JERUSALEM — Israeli Prime Minister Benjamin Netanyahu canceled a meeting with Germany’s visiting foreign minister, Sigmar Gabriel, after the diplomat refused to cancel a conference with a group highly critical of Israel’s occupation of Palestinian territories.

Netanyahu’s office announced the cancellation after the foreign minister declined to drop his session with Breaking the Silence, a nonprofit that collects the testimonies of former Israeli combatants with the aim of exposing “the reality of everyday life in the occupied Palestinian territories.”

In an interview with German television network ZDF, Gabriel said it was “totally normal” to meet with groups such as Breaking the Silence. And he added “it wouldn’t be a catastrophe” if he did not meet Netanyahu.

Gabriel arrived in Israel on Monday, the day Israelis mark Holocaust Remembrance Day and remember the atrocities perpetrated by the Nazi regime and the millions of Jews murdered during World War II.
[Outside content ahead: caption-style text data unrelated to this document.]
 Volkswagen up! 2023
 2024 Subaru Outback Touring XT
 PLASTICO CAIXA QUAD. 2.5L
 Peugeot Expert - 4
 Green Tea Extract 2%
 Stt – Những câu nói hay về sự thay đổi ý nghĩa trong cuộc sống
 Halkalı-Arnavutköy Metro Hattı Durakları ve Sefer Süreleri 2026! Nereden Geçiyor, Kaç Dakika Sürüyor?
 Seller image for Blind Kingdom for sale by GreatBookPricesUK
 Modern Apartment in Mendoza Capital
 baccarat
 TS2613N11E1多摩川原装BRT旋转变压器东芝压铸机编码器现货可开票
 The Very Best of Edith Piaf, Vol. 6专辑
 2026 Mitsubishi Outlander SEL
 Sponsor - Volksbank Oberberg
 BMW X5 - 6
Gabriel took part in an official Remembrance Day ceremony, laying a wreath at Yad Vashem, the World Holocaust Remembrance Center.

He had been scheduled to meet Netanyahu on Tuesday until word of his meeting with Breaking the Silence reached the Israeli prime minister’s ears.
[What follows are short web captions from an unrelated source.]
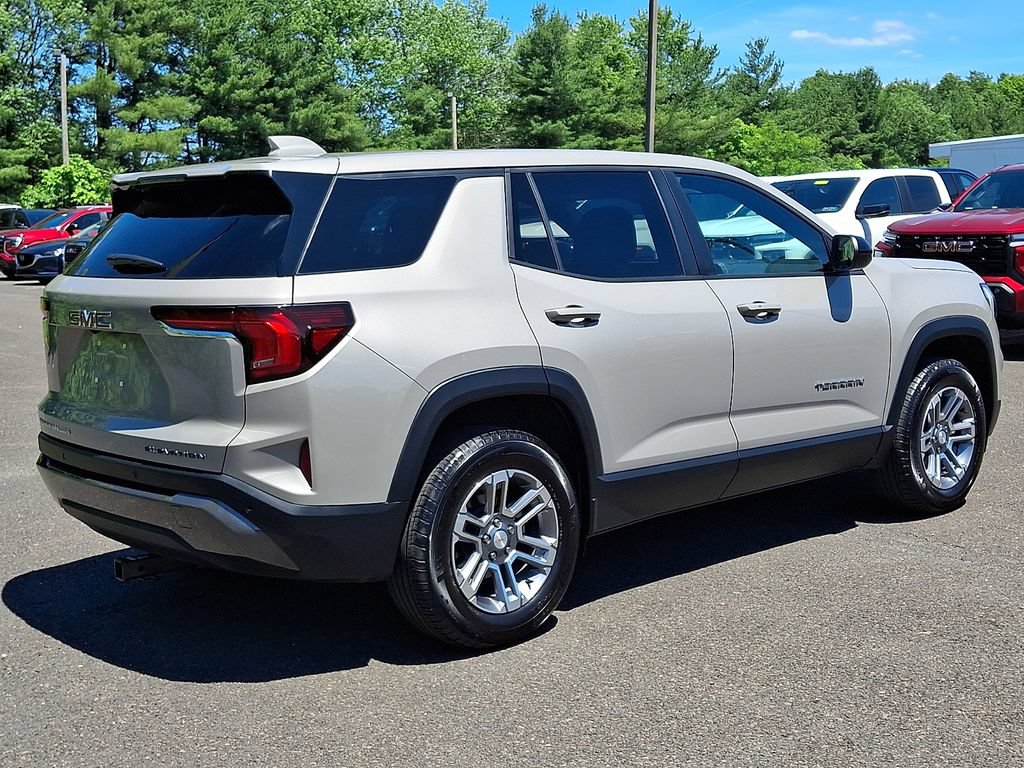 Used 2026 GMC Terrain Elevation AWD/4WD image 6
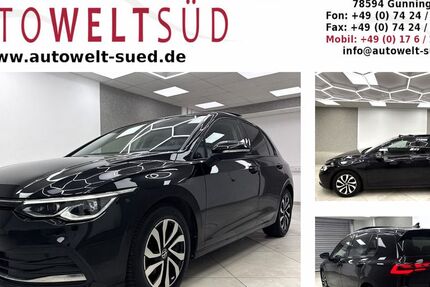 VW Golf 66.000 km 22.900 &euro; Gunningen 78594
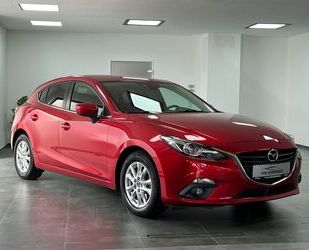 Mazda 3 Gebrauchtwagen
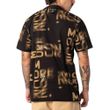 Camiseta Masculina MCD Especial Digital Logomania PRETO-12622008- -2-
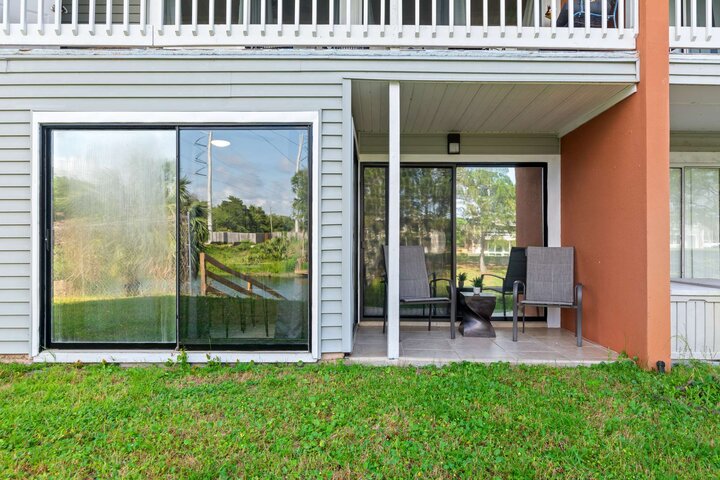 Condominium in Destin, US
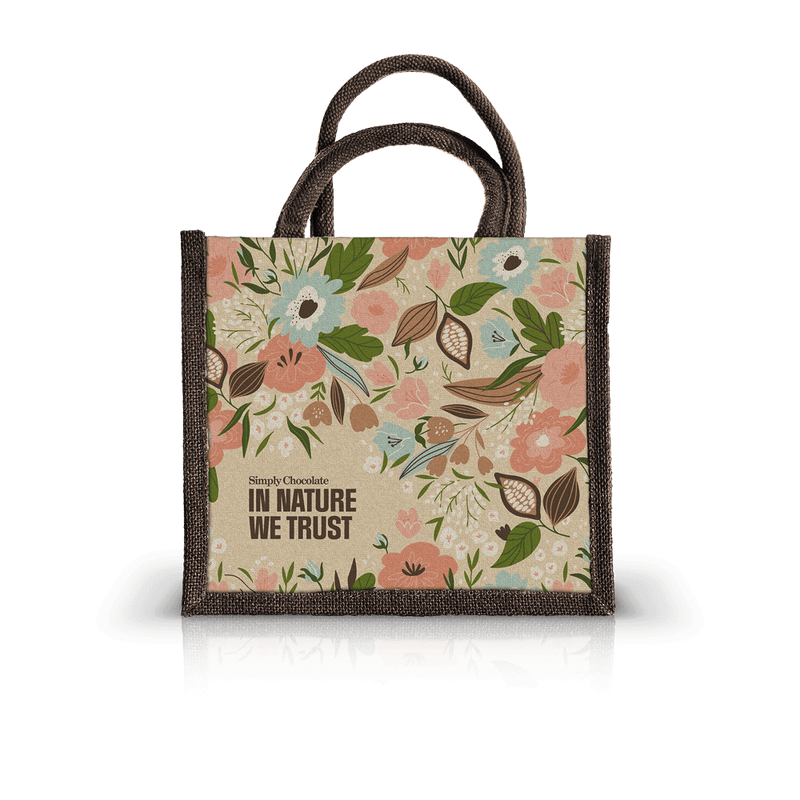 Shoppingbag | IN NATURE WE TRUST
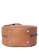 London Rag brown Tan Round Quilted Sling Bag 86741AC1655C1EGS_5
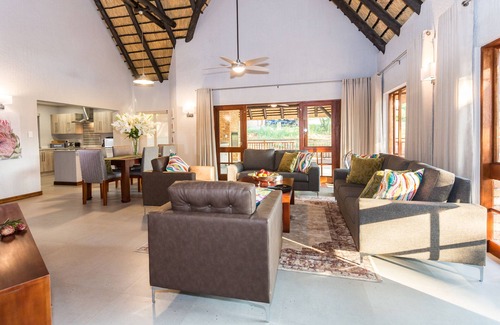 Hazyview Apartment | Kruger Park Lodge Unit 611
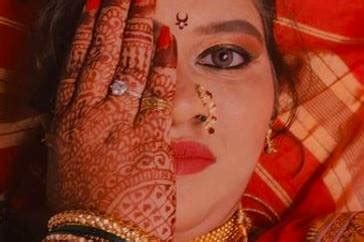 Glammed Up by Sonali Munjat - Makeup Artist - Mumbai Central ...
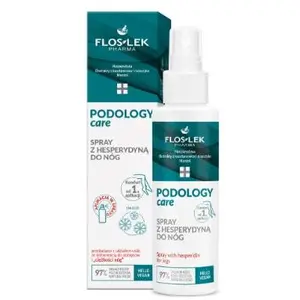 FlosLek Laboratorium Podology Care crème talons fissurés 40 ml pas cher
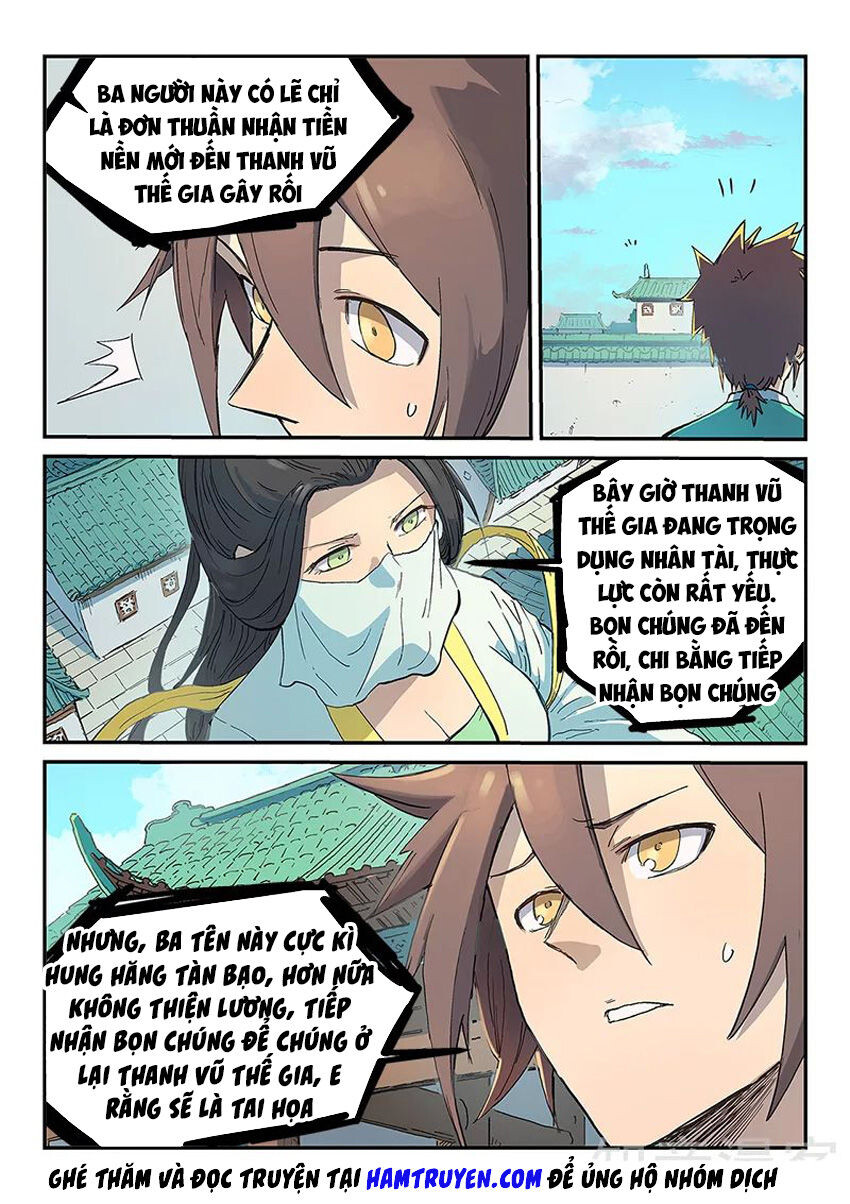 Chương 293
In June, Palestinians will mark 50 years of Israel’s military occupation, a situation that is viewed by much of the world as illegal.
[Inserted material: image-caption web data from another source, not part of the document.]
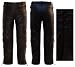 Suchen : Schn&uuml;rlederjeans, Lederhose schwarz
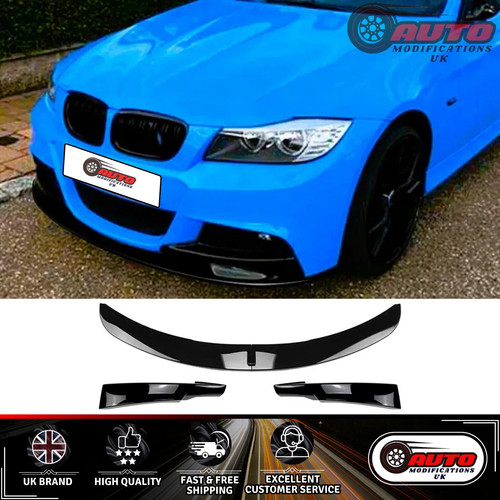 Bmw series e90 e91 - 3,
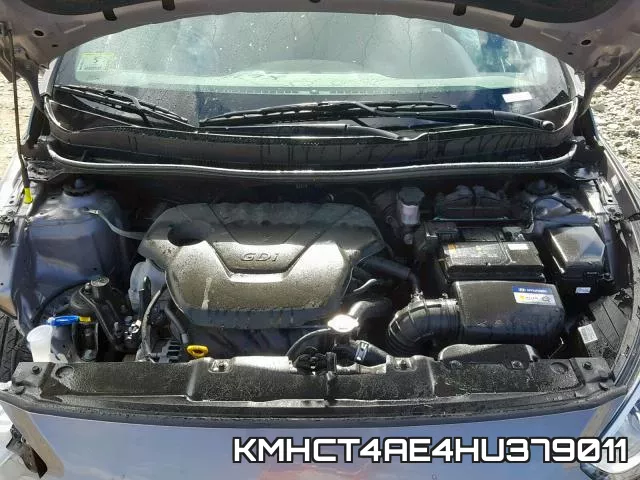 KMHCT4AE4HU379011 фото 8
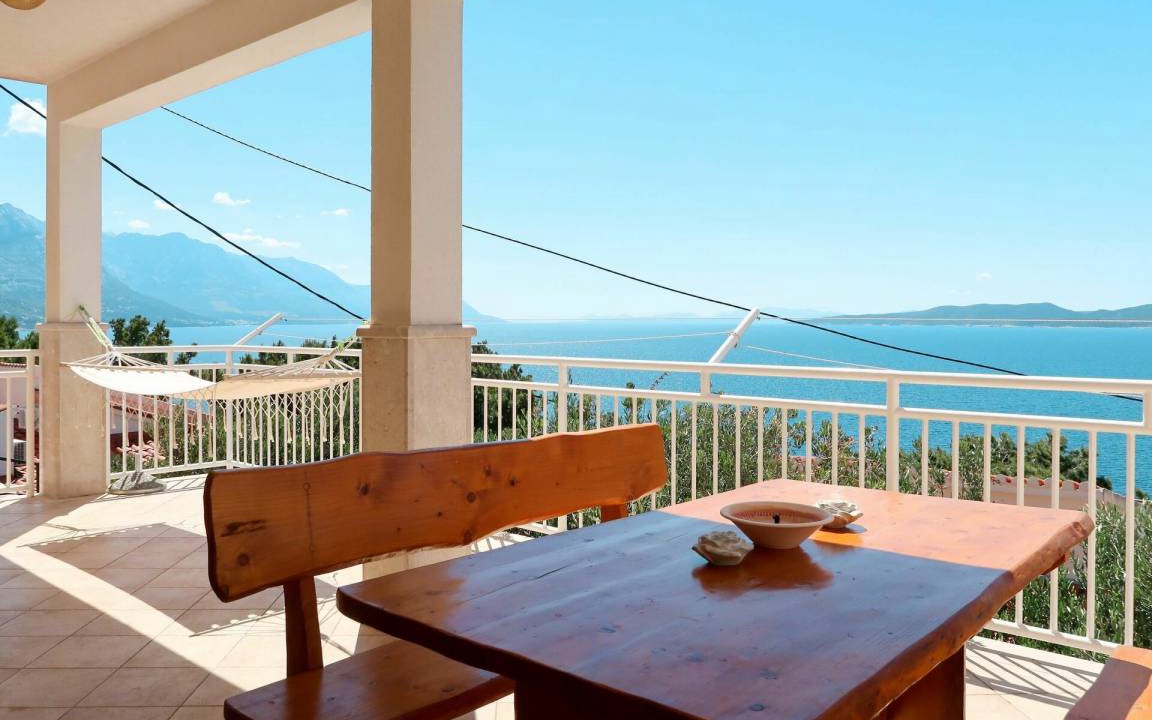 Marusici Apartment | Ružica (Omi210) 631.1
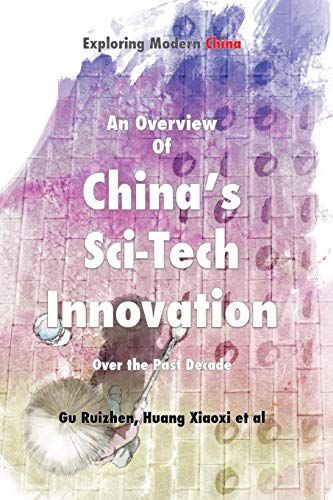 Overview Of China's Sci-Tech Innovation Over The Past Decade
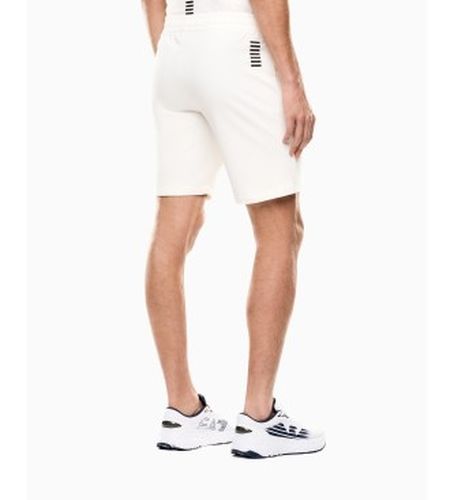 NPS65_PJVRZ Short Core Identity (3XL), Casuel, Coton - EA7 - Modalova
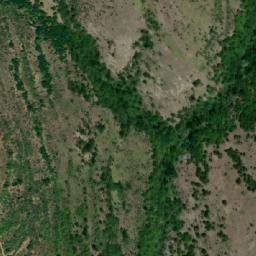 Satellite imagery of Skrkalec, MK
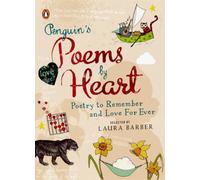 PENGUINS POEMS BY HEART by Laura Barber Paperback Self Help Business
Breaking the Silence is particularly reviled by Israel’s rightist political leaders, who claim the group’s actions aim to discredit the military and undermine the Israeli state.

In the past, the organization retold the soldiers’ stories to Israeli high school students and even to active soldiers. The goal, they said, was to raise a discussion in Israeli society of the army’s treatment of the Palestinian population. In recent years, however, there has been an attempt to muzzle the group.

In 2015, Israeli Education Minister Naftali Bennett, from the ultranationalist Jewish Home party, moved to ban the group from the education system. And, more recently, Israeli lawmakers have attempted to have them outlawed completely.

“It is unacceptable, particularly during Holocaust Remembrance Day, for a visiting diplomat to meet with a group that uses anonymous testimony to discredit the Israeli army,” a senior official in Netanyahu’s bureau, speaking anonymously because he was not authorized to speak to the press, told The Washington Post.

There had been reports that the Israeli prime minister was also opposed to Gabriel’s meeting with another leftist, anti-occupation group, B’Tselem, but the official said that was seen as less of a problem. On Gabriel’s meeting with Breaking the Silence, the official said: “Israel’s prime minister would not go to Germany and meet with a group that was calling the German soldiers war criminals for their actions in Afghanistan.”